2. Wie wird man Politiker?

Zuallererst: Es gibt keine wirklichen Voraussetzungen, außer mindestens 23 Jahre alt und EU-Bürger zu sein. Gut ist natürlich eine juristische oder kaufmännische Ausbildung. Ich selbst bezeichne mich nicht als Politiker, sondern als Chef des Rathauses. Meine Hauptaufgabe ist die Weiterentwicklung der Gemeinde. Das ist viel Lobbyarbeit, um Geld für die Gemeinde zu bekommen. Ich sehe mich nicht in erster Linie als Parteipolitiker.

3. Warum gibt es in Marienheide so eine hohe Geschäftsfluktuation?

Das Problem ist in Marienheide nicht größer als anderswo: Das Internet verändert das Konsumverhalten, viel wird online gekauft, dadurch veröden die Innenstädte. In Marienheide gibt es primär inhabergeführte Geschäfte. Das bedeutet, dass den Besitzern oft auch das Haus gehört, in dem sich das Ladenlokal befindet. Größere Firmen hingegen siedeln sich in Marienheide nicht an. Die Gemeinde ist dafür zu klein. Douglas z.B. eröffnet nur Filialen ab 20000 Einwohner in einem bestimmten Umkreis.

4. Was ist die Haupteinnahmequelle von Marienheide?

Das produzierende Gewerbe ist hier wichtiger als der Dienstleistungsbereich. Z.B. stellt die Firma Rüggeberg derzeit ca. 800 Arbeitsplätze im Bereich der Metallverarbeitung. Es gibt viele Fabriken, aber auch Handwerksbetriebe und Büros. Außerdem ist die Region Vorzeigeregion im Bereich Kunststoffverarbeitung. Die Gemeinde nimmt pro Jahr ca. 30 Mio. ein. 10 Mio. durch Unternehmenssteuern, 5 – 6 Mio. durch Grundsteuer (Hausbesitzer, Landbesitzer), Rest: diverses.

5. Wie werden sie in den Medien dargestellt?
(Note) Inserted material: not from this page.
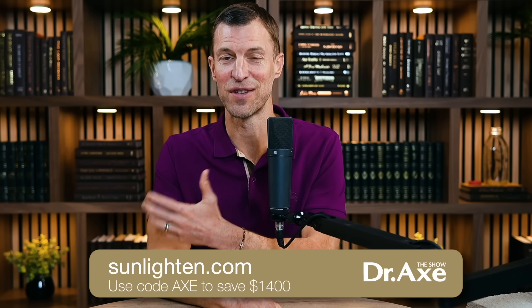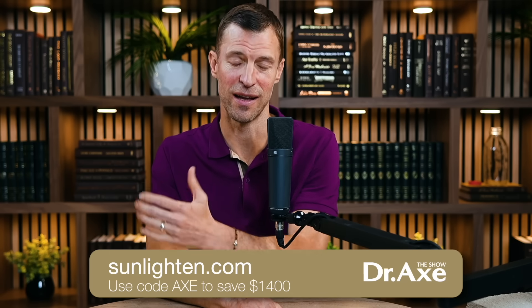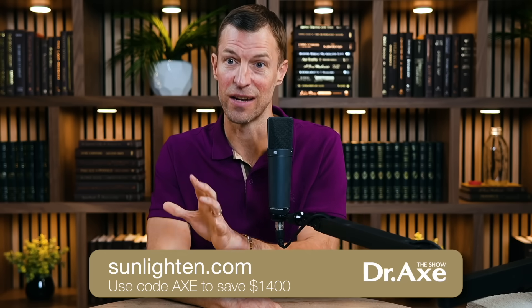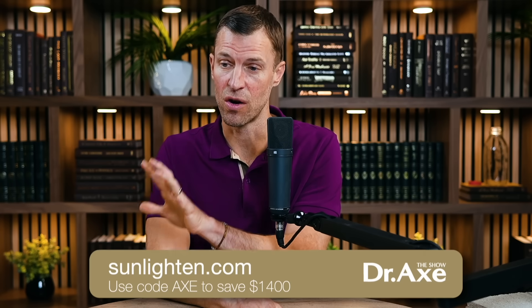I want to encourage everybody: if you are looking for a sauna, both Dr. Gundry and I have Sunlighten in our homes, and we're putting them in a clinic we're opening in Nashville. Make sure you get a really good brand with strong red and infrared wavelengths.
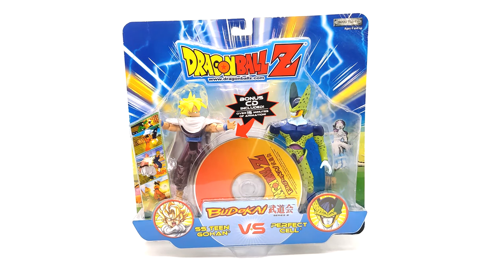In front of your face is the Budokai 1 Super Saiyan Team Gohan and Perfect Cell set. If you guys don't know, in Budokai 1 the game actually ends with Gohan versus Cell — I believe he defeats Cell. Budokai 2 I think ends in the Boo Saga, and then Budokai 3 finishes Dragon Ball GT.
Ich habe einen ganz guten Ruf und keine Probleme mit den Medien. Marienheide war anfangs eine schwierige Kommune mit wenig Geld und vielen Schulden. Während meiner Amtszeit schaffte ich es, die Neuverschuldung fast abzubauen. Sicherlich habe ich auch aufgrund dieser Ergebnisse ein gutes Verhältnis zur Presse.
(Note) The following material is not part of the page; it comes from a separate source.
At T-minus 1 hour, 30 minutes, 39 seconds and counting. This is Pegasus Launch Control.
6. Kommen auch Bürger mit Wünschen zu Ihnen persönlich?

Ja, und das jeden Tag! Oft geht es dabei um Nachbarschaftsstreitigkeiten. Oft erlebt man dabei auch skurille Geschichten: Z.B. wollte ein Bürger, dass er den Hahn des Nachbars entfernt, da dieser zu früh kräht.
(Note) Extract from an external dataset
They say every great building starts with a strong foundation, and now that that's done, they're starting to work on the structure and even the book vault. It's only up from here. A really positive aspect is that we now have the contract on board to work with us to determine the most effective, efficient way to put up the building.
7. Erfüllen Sie auch Wünsche der Bürger?

Leider ist es nicht möglich, viele Wünsche zu erfüllen, da zu wenig Geld da ist. Deshalb wird es z.B. auch keinen Skaterpark in Marienheide geben.

8. Haben Sie viele Termine als Bürgermeister?

Ja, auch abends. Ich mag es eher locker, gehe auch gern auf die Schützenfeste. Ich werde überall hin eingeladen und sollte mich da auch sehen lassen. Das mache ich gerne, da die Leute meistens nett sind, selbst, wenn mich die Themen nicht so interessieren. Nur Reden höre ich nicht so gerne, die sind mir oft zu lang.

9. Wie lang sind sie schon Bürgermeister und wie sind sie Bürgermeister geworden?

Meine Amtszeit endet am 22.06.14, dann war ich 15 Jahre lang Bürgermeister. Als Kind wollte ich mich noch nicht politisch engagieren, das war eher Zufall. Ich war vorher Chef des Abfallverbandes und bin dann gefragt worden, ob ich kandidieren möchte. Ich habe darüber lange mit meiner Familie nachgedacht. Dabei ging es vor allem um die Frage, ob ich das wirklich möchte, da man als Bürgermeister eine öffentliche Person ist und im Fokus der Medien und der Bevölkerung steht. Ich habe mich dann aufstellen lassen, rechnete als SPD-Kandidat in einer konservativen Region aber nicht mit dem Sieg. Ich war wohl damals für die Bevölkerung das “kleinere Übel”.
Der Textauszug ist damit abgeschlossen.